Comprehensive tax reform – more than just closing loopholes – is a good thing that Obama and Boehner alike are in favor of, so it seems as though Obama is willing to support the beleaguered Speaker a bit. That’s good news for moving something forward through the House. It’s also just a damned good idea.
“The greatest nation on Earth cannot keep conducting its business by drifting from one manufactured crisis to the next. Let’s agree, right here, right now, to keep the people’s government open, pay our bills on time, and always uphold the full faith and credit of the United States of America. The American people have worked too hard, for too long, rebuilding from one crisis to see their elected officials cause another.” I liked this section a lot, and it’s worth highlighting.
Obama talked about more manufacturing jobs, like a good Democrat, but his proposals seem pretty weak all around. Manufacturing hubs are not bad, and could have long-term payoff, but the structural problems of high employee overhead and a strong dollar didn’t get any mention. Tech investments are helpful, but outside of energy and environment there doesn’t seem to any strategic focus.
Between that and the infrastructure development pledge, Obama does have a solid growth agenda. It’s a good balance with the austerity of spending cuts and tax increases that he opened with.
Preschool, aka early child education, is one of those things everyone agrees is a great investment, but somehow we’ve never gotten around to funding. I hope Obama can be the one who finally makes this universal. Calling for real technical skills that lead to a job right out of High School is very important, and also something that is long overdue. The college scorecard is something I’ll have an opinion of when I see it.
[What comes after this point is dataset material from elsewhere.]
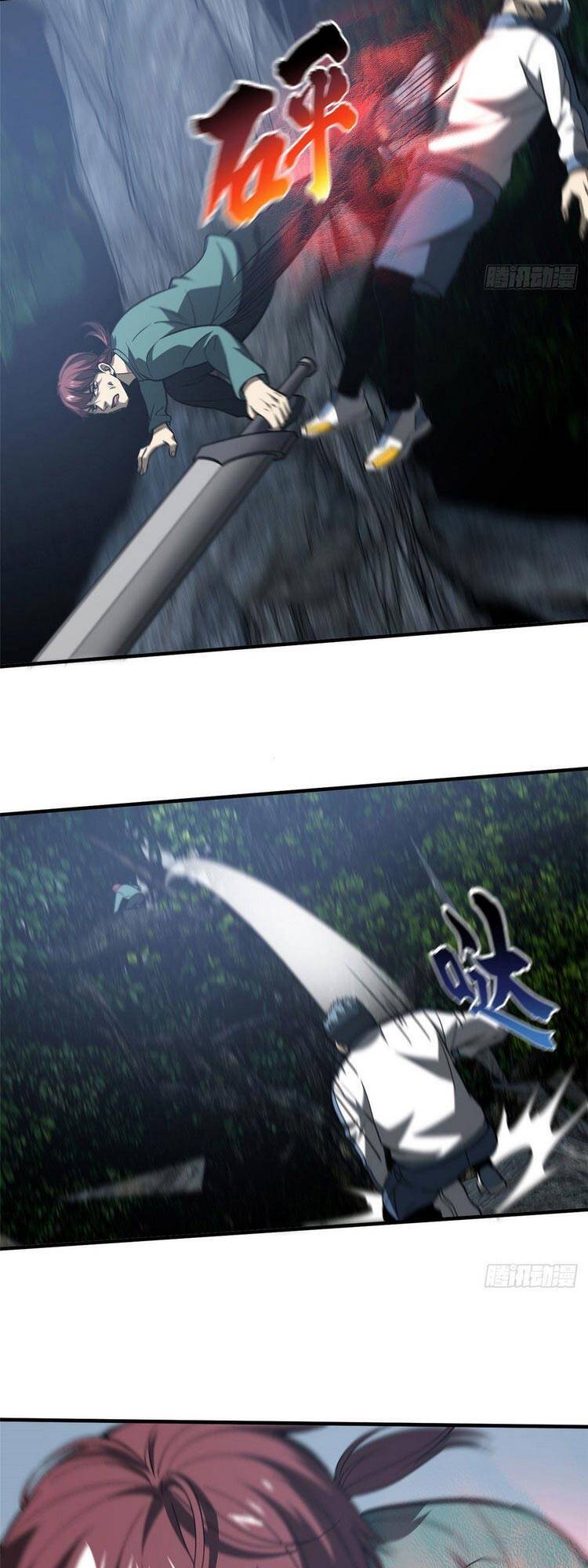 Toàn Cầu Cao Võ Chap 97 - Next Chap 98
On to comprehensive immigration reform – something the Republicans have decided they don’t want to be on the wrong end of. However, the number of people crossing from the South is really more of a function of how things are going in the economy than anything else. The real bipartisan standing ovation came when talking about skilled workers, so let’s see if that can happen. It should be a gimmee.
Raise the minimum wage? I wonder where he’s been with this the last four years, but let’s welcome the prodigal president. Tying it to the poverty line is very important, and I hope we can get it. I hope it also ties back to his call for a simpler tax code, too.
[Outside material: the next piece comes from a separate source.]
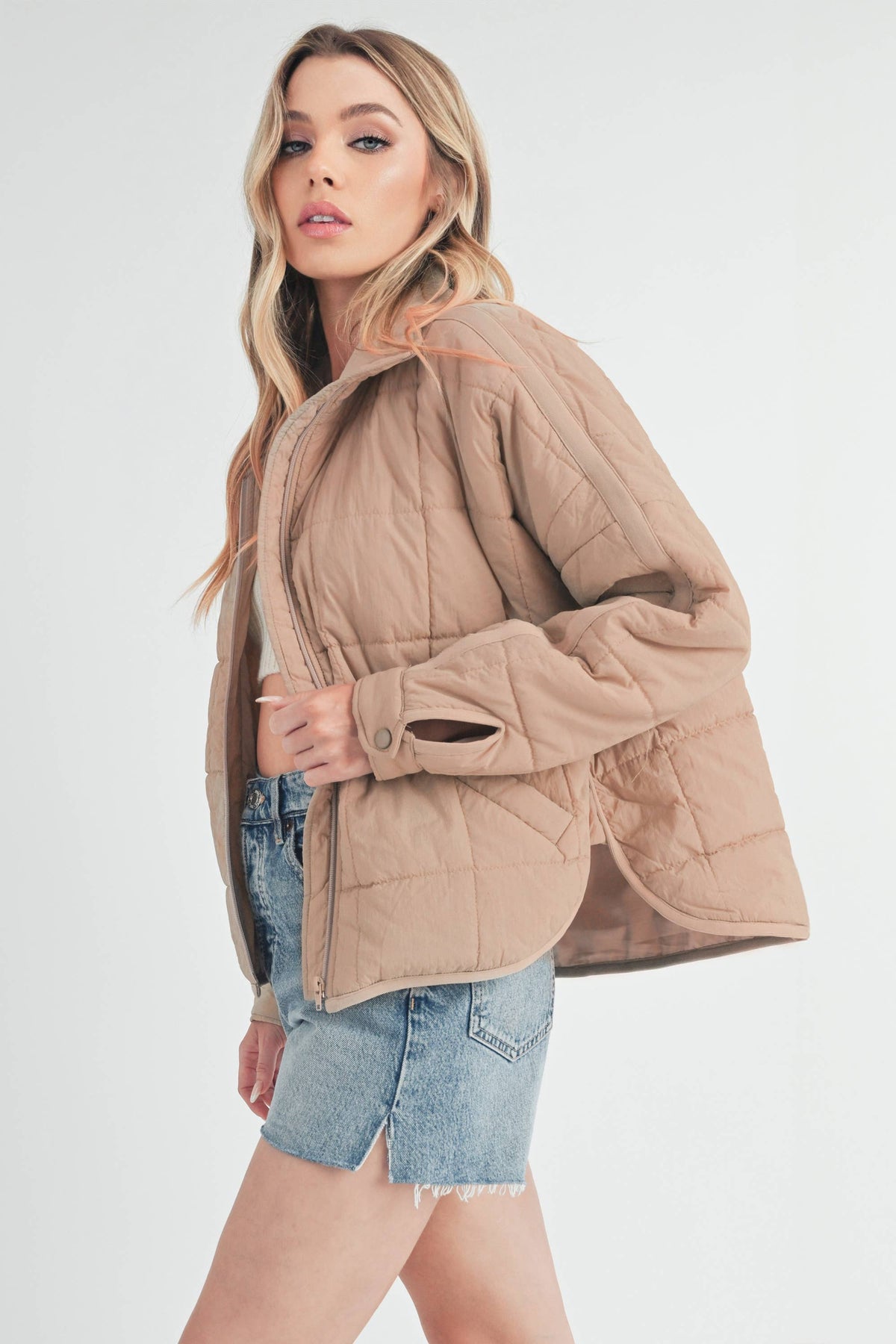 Puffer Jacket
It seems funny to hear Obama talk about war and al Qaeda. This Democrat has a pretty strong record of success on this front, facing far more criticism from the Left. His promise to have a more transparent legal framework is good, but another one I’ll believe only when I see it.
Being the beacon of hope and freedom around the world is easy stuff, and it sounds more like a campaign speech than anything else. I really hope support for the Veteran’s Administration is also bipartisan.
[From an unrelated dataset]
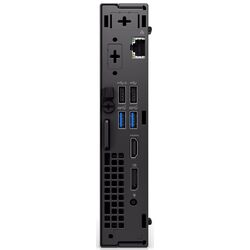 Системный блок Dell OptiPlex Micro 7020 Tiny Intel Core i3-14100T 8GB DDR5/512GB SSD (Black) Thumb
And there was “common sense” gun reform. Hadiya featured prominently, as well she should. That was a terrible tragedy. The call, “They deserve a vote” is a strong one, and it should be clear that something will happen.
Did we learn anything new here? Perhaps not, but the commitment to solid growth and equal opportunity did seem to me like a president leaving crisis mode and seeing a strong foundation to build on. That’s been my theme as well, and it seems very appropriate. It seems like what 2013 will indeed be all about, and I hope we can carry it forward. This was a Democrat speech with a lot of initiatives, but I believe that is what the times demand.
What are your thoughts on the State of the Union?